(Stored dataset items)
────────

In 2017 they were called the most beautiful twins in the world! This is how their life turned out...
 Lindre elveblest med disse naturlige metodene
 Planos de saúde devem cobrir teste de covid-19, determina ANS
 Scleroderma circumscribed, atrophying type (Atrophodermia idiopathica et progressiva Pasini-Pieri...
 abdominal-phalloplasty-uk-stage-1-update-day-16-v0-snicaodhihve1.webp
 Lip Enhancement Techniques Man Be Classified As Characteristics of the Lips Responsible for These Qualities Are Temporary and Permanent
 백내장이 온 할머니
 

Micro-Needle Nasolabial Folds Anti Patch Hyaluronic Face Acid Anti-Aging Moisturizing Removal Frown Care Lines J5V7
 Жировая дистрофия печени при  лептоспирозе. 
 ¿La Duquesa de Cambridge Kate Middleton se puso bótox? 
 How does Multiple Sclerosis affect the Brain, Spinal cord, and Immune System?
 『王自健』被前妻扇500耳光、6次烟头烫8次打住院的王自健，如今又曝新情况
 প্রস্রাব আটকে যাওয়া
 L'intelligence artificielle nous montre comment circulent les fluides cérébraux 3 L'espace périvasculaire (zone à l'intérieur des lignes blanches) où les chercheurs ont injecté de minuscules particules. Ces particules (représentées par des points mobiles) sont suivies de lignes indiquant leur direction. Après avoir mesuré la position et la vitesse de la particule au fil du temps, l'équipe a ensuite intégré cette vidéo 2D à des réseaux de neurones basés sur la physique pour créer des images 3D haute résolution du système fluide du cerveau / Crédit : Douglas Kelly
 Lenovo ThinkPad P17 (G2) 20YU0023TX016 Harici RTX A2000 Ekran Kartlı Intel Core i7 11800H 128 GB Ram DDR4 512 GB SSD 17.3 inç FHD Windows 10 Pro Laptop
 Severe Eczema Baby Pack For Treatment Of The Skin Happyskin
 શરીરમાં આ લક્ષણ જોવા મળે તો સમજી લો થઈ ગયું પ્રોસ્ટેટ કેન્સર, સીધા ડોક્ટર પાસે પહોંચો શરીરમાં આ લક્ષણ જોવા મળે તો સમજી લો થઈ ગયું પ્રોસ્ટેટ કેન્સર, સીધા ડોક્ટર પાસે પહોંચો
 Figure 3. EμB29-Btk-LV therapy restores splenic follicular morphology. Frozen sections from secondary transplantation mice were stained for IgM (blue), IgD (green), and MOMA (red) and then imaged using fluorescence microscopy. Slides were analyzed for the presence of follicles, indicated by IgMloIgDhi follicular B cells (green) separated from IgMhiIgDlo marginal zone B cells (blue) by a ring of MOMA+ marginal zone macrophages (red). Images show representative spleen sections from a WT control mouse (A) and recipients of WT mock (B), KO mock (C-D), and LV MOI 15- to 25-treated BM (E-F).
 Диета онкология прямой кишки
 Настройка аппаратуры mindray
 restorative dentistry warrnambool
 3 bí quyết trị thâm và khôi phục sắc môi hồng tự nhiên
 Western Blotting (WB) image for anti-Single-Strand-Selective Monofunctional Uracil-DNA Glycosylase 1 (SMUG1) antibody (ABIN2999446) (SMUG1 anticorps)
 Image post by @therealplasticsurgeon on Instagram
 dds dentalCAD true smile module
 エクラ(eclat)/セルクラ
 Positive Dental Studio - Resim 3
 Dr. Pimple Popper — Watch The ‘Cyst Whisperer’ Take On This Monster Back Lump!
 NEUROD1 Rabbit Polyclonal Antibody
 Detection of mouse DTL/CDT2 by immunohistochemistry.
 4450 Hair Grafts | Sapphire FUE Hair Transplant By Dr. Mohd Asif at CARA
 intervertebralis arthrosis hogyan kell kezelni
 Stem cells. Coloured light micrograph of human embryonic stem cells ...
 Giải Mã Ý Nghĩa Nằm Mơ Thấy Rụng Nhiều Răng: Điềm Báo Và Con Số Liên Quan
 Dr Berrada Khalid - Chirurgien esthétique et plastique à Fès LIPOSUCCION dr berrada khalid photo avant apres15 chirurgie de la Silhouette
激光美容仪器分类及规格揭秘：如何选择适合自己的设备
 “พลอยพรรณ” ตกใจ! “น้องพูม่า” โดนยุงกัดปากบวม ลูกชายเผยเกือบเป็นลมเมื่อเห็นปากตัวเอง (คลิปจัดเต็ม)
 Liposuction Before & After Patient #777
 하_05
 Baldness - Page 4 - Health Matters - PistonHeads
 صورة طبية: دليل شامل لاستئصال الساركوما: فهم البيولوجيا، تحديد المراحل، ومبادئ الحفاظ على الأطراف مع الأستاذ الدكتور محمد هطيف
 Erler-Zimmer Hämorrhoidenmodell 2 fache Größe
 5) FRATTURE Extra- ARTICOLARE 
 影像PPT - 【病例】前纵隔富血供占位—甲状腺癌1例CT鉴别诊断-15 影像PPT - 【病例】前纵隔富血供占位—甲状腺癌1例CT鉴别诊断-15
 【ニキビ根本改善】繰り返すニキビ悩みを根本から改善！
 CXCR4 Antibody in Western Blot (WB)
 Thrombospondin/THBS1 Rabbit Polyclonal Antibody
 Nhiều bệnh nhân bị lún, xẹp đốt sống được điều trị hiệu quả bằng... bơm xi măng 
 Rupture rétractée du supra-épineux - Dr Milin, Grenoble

────────

◆ **REQUIRED ACTION**:
Given the records above, reproduce precisely and only the lines between the line holding "Scleroderma circumscribed, atrophying" and the line holding "Micro-Needle Nasolabial Folds", inclusive.

◆ **SOLUTION TO THE PROBLEM**:
 Scleroderma circumscribed, atrophying type (Atrophodermia idiopathica et progressiva Pasini-Pieri...
 abdominal-phalloplasty-uk-stage-1-update-day-16-v0-snicaodhihve1.webp
 Lip Enhancement Techniques Man Be Classified As Characteristics of the Lips Responsible for These Qualities Are Temporary and Permanent
 백내장이 온 할머니
 

Micro-Needle Nasolabial Folds Anti Patch Hyaluronic Face Acid Anti-Aging Moisturizing Removal Frown Care Lines J5V7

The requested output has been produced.